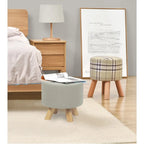 Pouf Ottomano Rotondo Poggiapiedi – Tessuto Lino, Gambe in Legno Massello, Vari Colori, 1 Persona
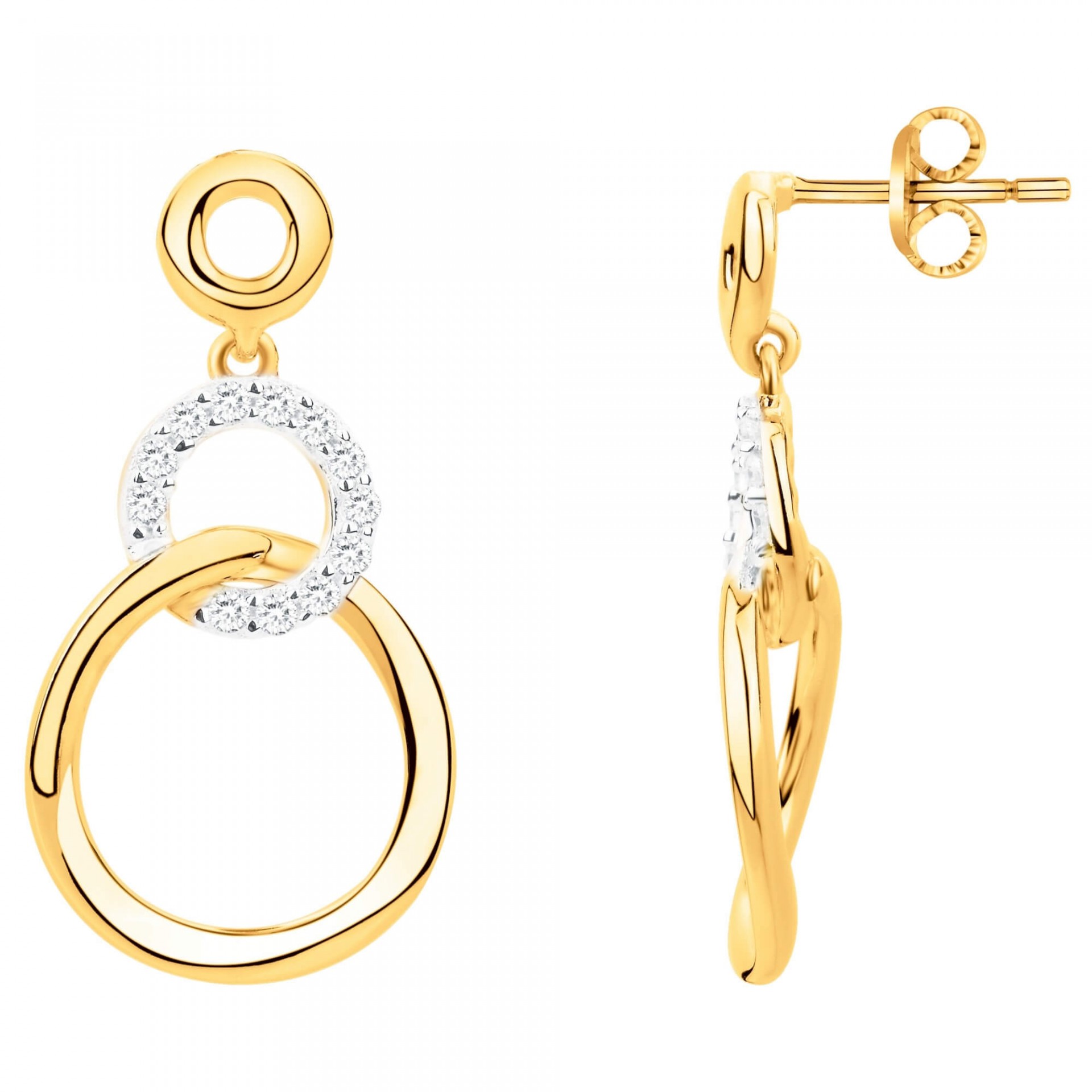 Boucles d'oreilles plaqué or et oxydes de zirconium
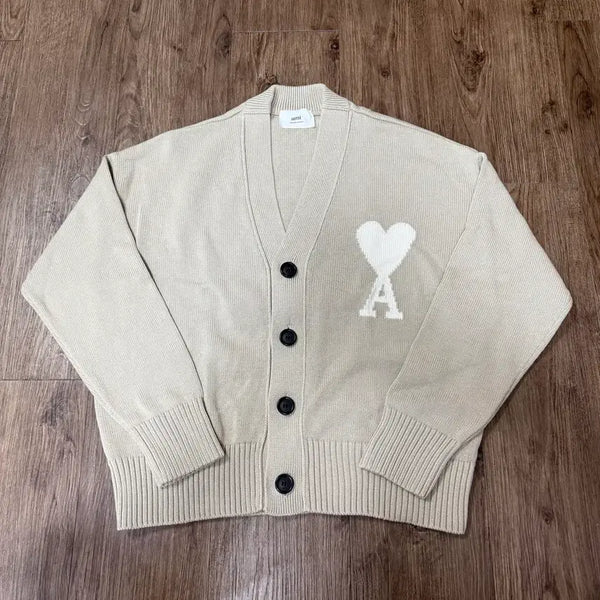 [BUNJANG] AMI Big Heart Logo Cardigan Beige / 아미 빅하트 로고 가디건 L사이즈 (베이지)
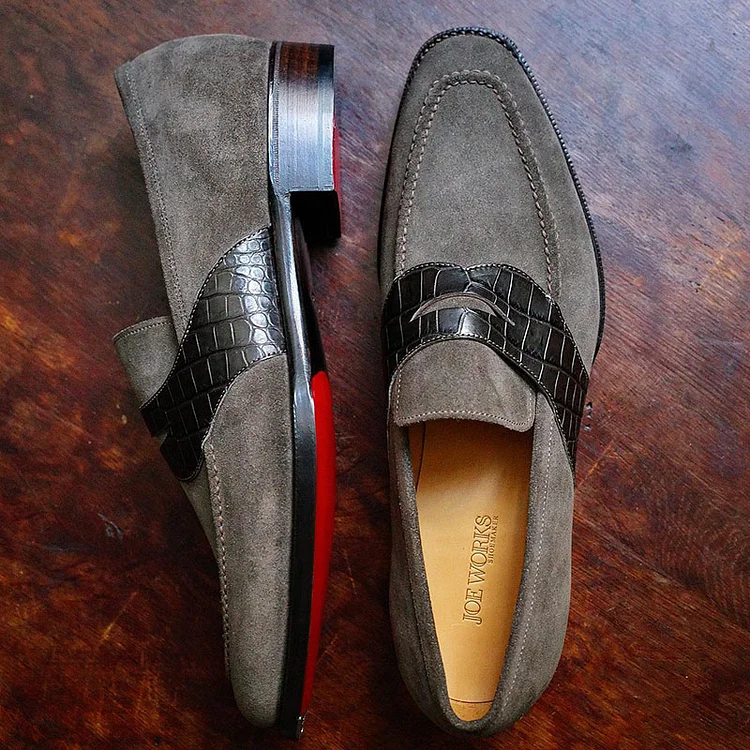 Faux Frosted Leather Crocodile Faux Leather Patchwork Stitching Slip-On Business Loafers Shoes [Pre Order]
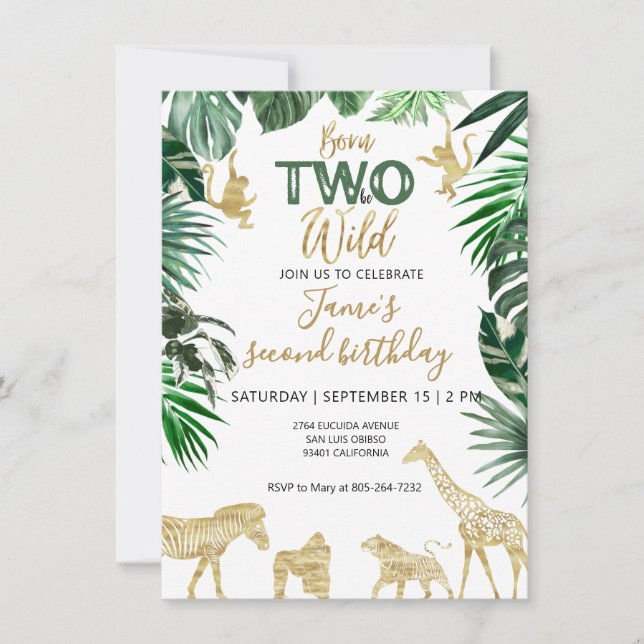 Boys Safari Two Wild Birthday Invitation (Front)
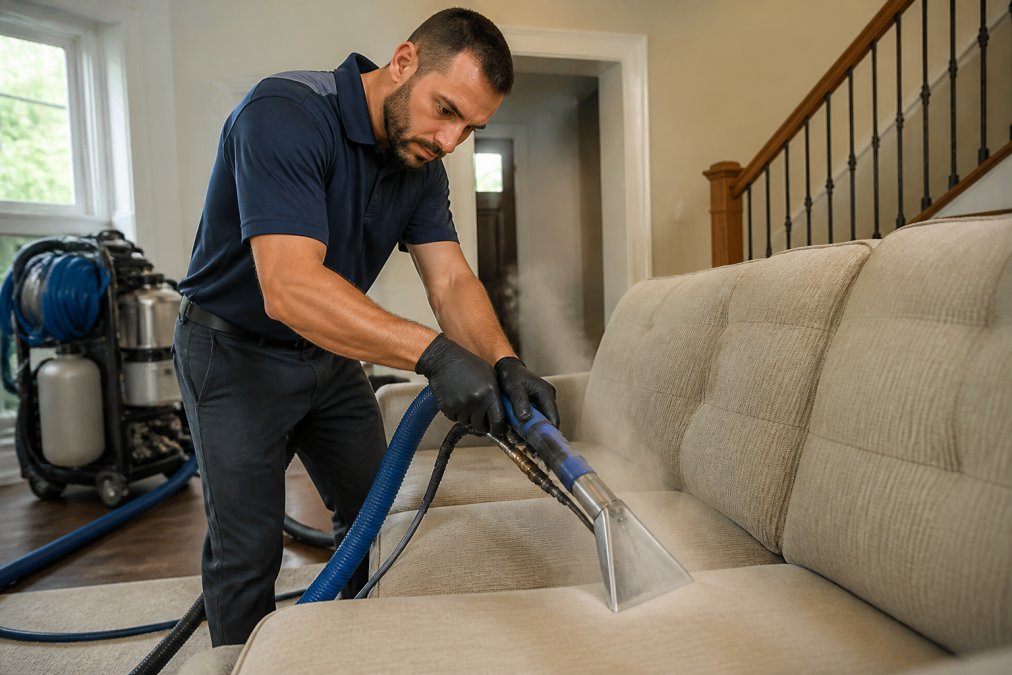 Professional cleaner using truck-mounted hot-water extraction equipment on upholstered furniture, demonstrating professional-grade technique with visible water extraction and steam application in bright residential setting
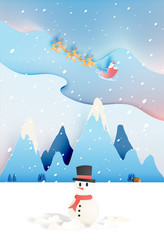 Santa claus on the sleigh with beautiful sky in paper art and pastel schenme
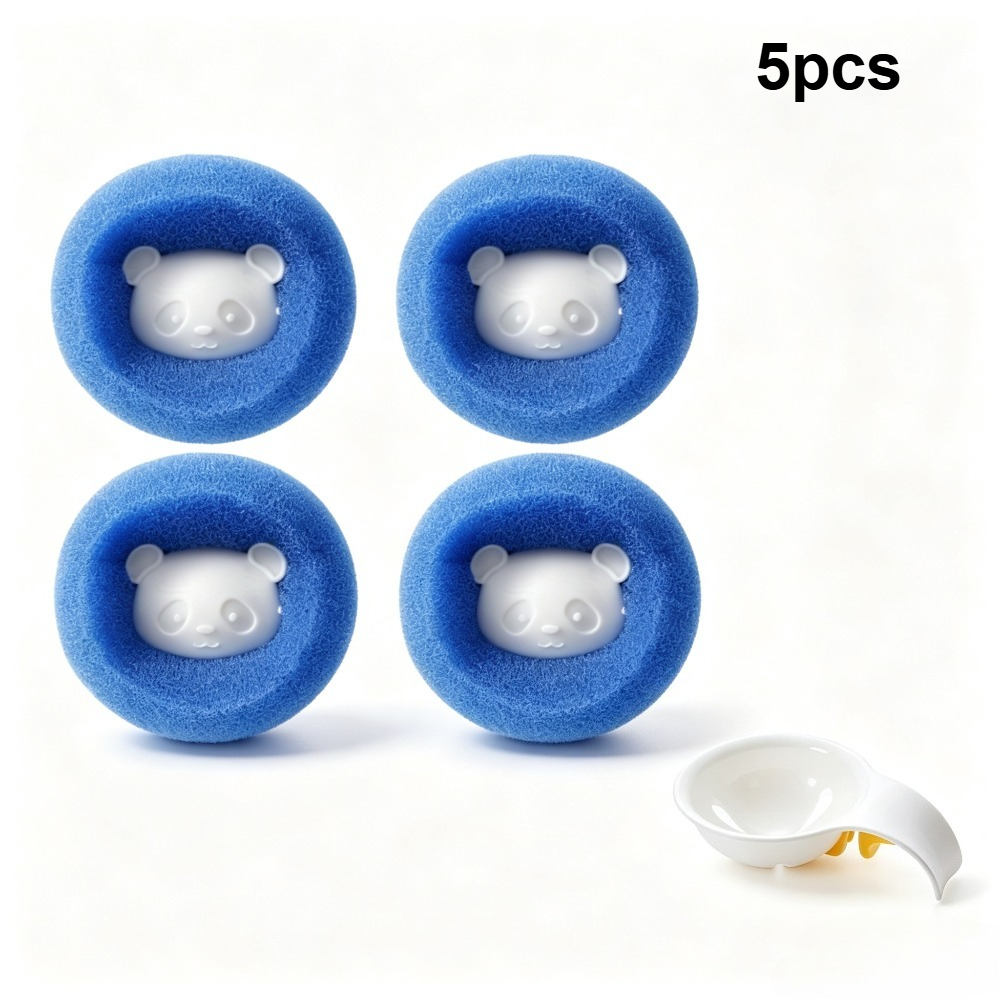 4pcs Pet Hair Cleaning Laundry Ball, Reusable And Protective For Clothing. Strong Adsorption Of Cat And Dog Hair And Wool, Effectively Preventing And Blockage And 1pc Kitchen Egg White Separator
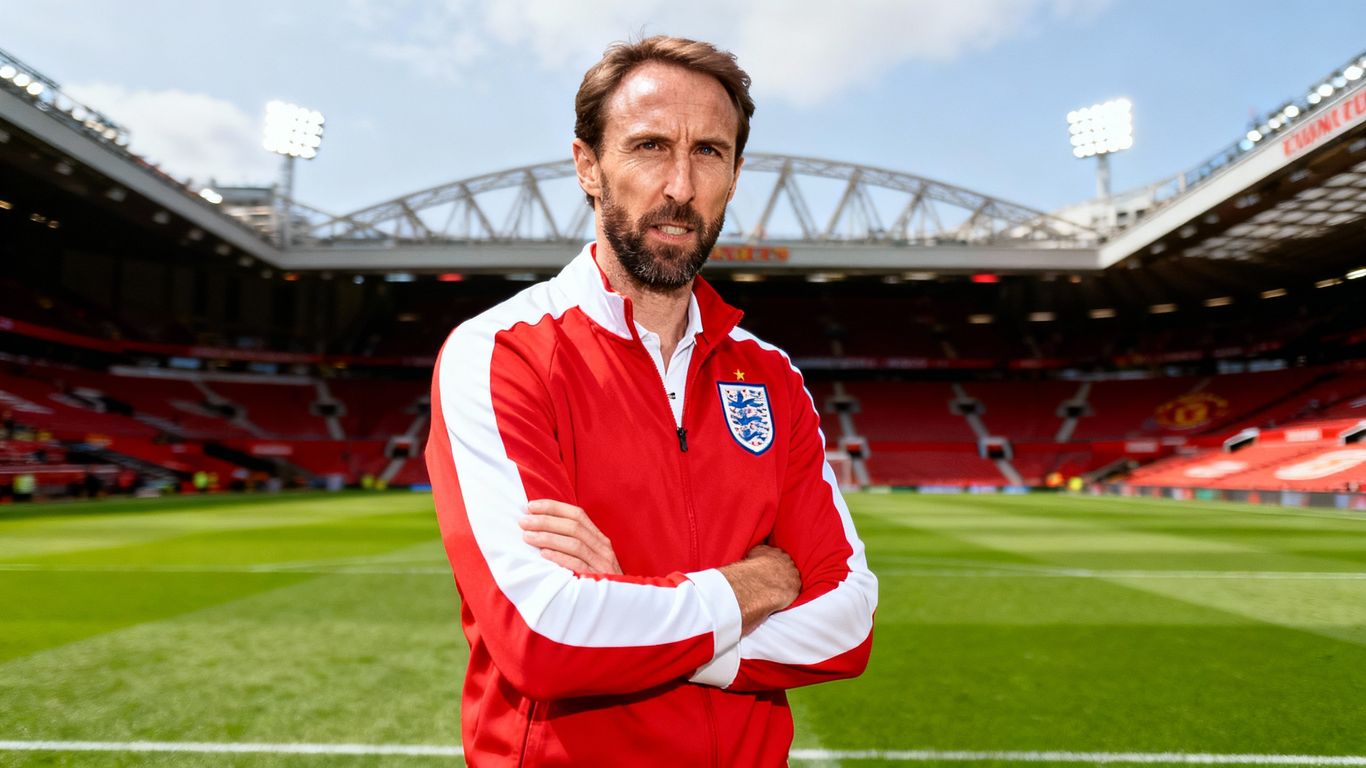 Gareth Southgate on a football pitch.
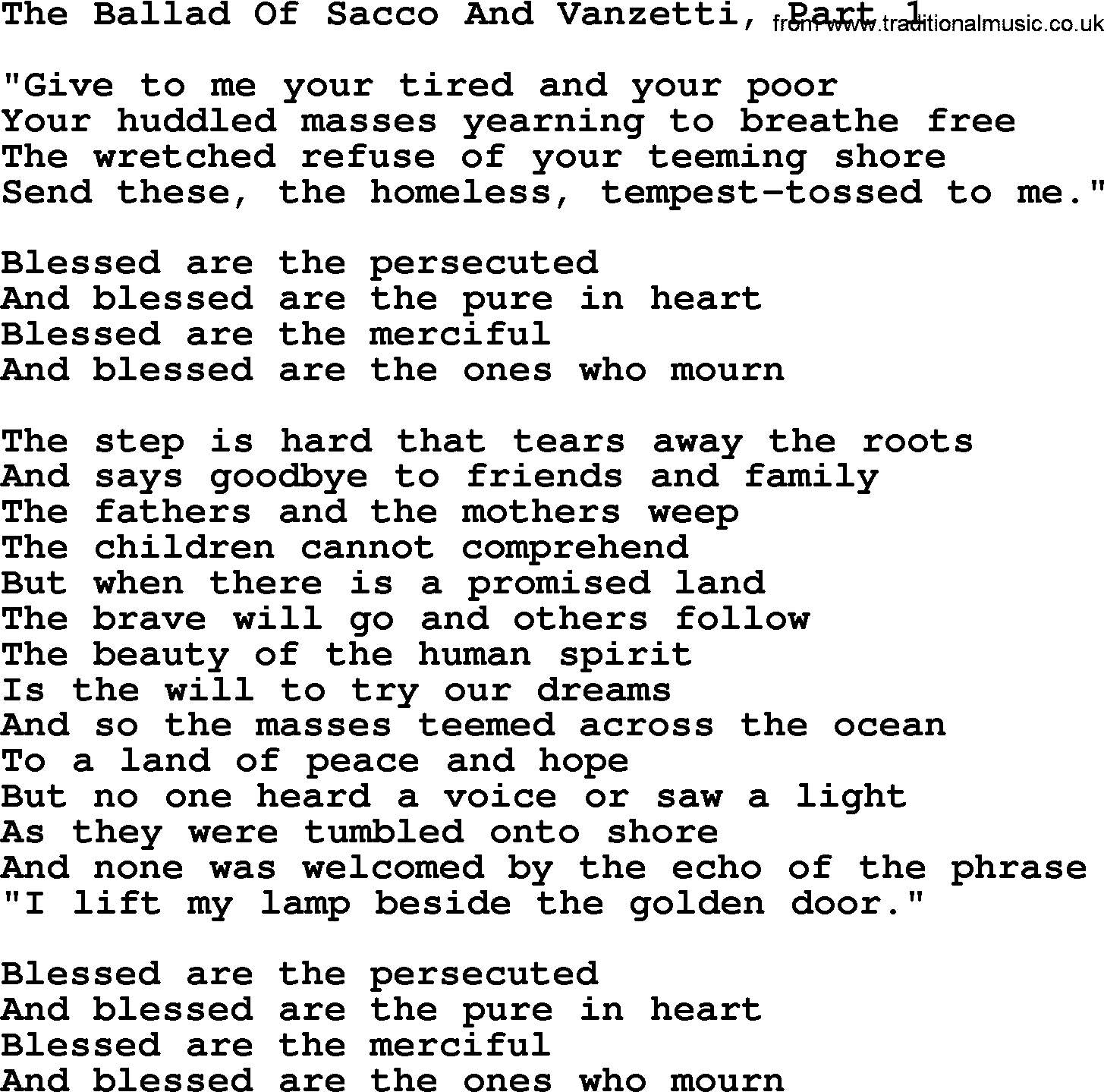 Joan Baez song The Ballad Of Sacco And Vanzetti, Part 1, lyrics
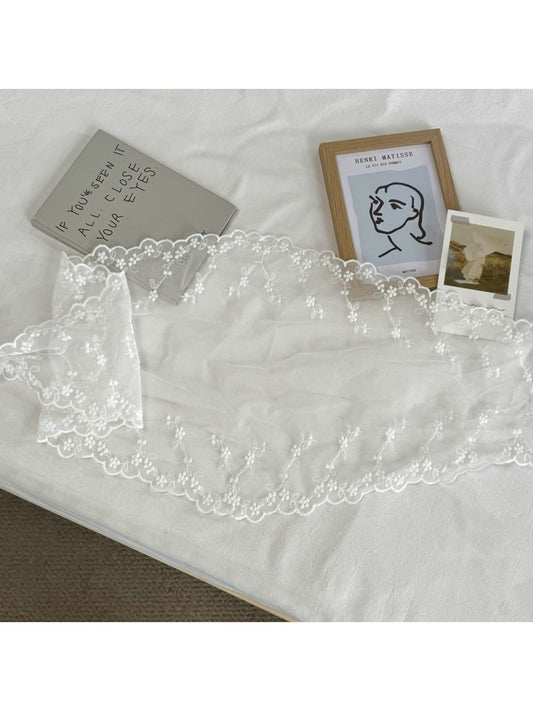 Scarvii - White Floral Embroidery Lace Trim Scarf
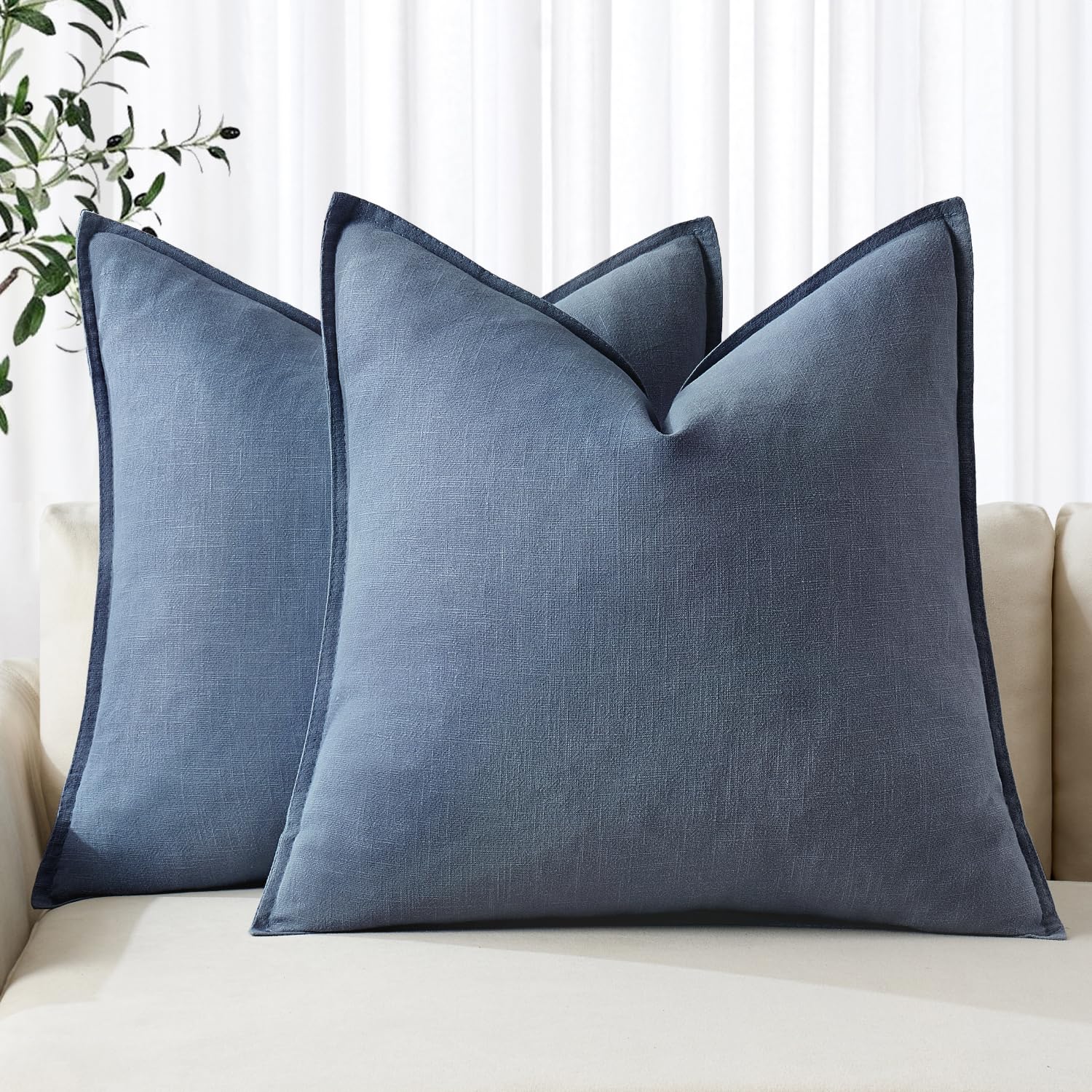 MIULEE blue ashes euro sham cover on a cushion for cozy living room decor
---*---
Task requirements => All of the entries must be reproduced exactly, apart from the pictures, which are to be dropped.

Result for this exercise =>
 Pouf Ottomano Rotondo Poggiapiedi – Tessuto Lino, Gambe in Legno Massello, Vari Colori, 1 Persona
 Boucles d'oreilles plaqué or et oxydes de zirconium
 [BUNJANG] AMI Big Heart Logo Cardigan Beige / 아미 빅하트 로고 가디건 L사이즈 (베이지)
 Faux Frosted Leather Crocodile Faux Leather Patchwork Stitching Slip-On Business Loafers Shoes [Pre Order]
 Boys Safari Two Wild Birthday Invitation (Front)
 Professional cleaner using truck-mounted hot-water extraction equipment on upholstered furniture, demonstrating professional-grade technique with visible water extraction and steam application in bright residential setting
 Santa claus on the sleigh with beautiful sky in paper art and pastel schenme
 4pcs Pet Hair Cleaning Laundry Ball, Reusable And Protective For Clothing. Strong Adsorption Of Cat And Dog Hair And Wool, Effectively Preventing And Blockage And 1pc Kitchen Egg White Separator
 Gareth Southgate on a football pitch.
 Joan Baez song The Ballad Of Sacco And Vanzetti, Part 1, lyrics
 Scarvii - White Floral Embroidery Lace Trim Scarf
 MIULEE blue ashes euro sham cover on a cushion for cozy living room decor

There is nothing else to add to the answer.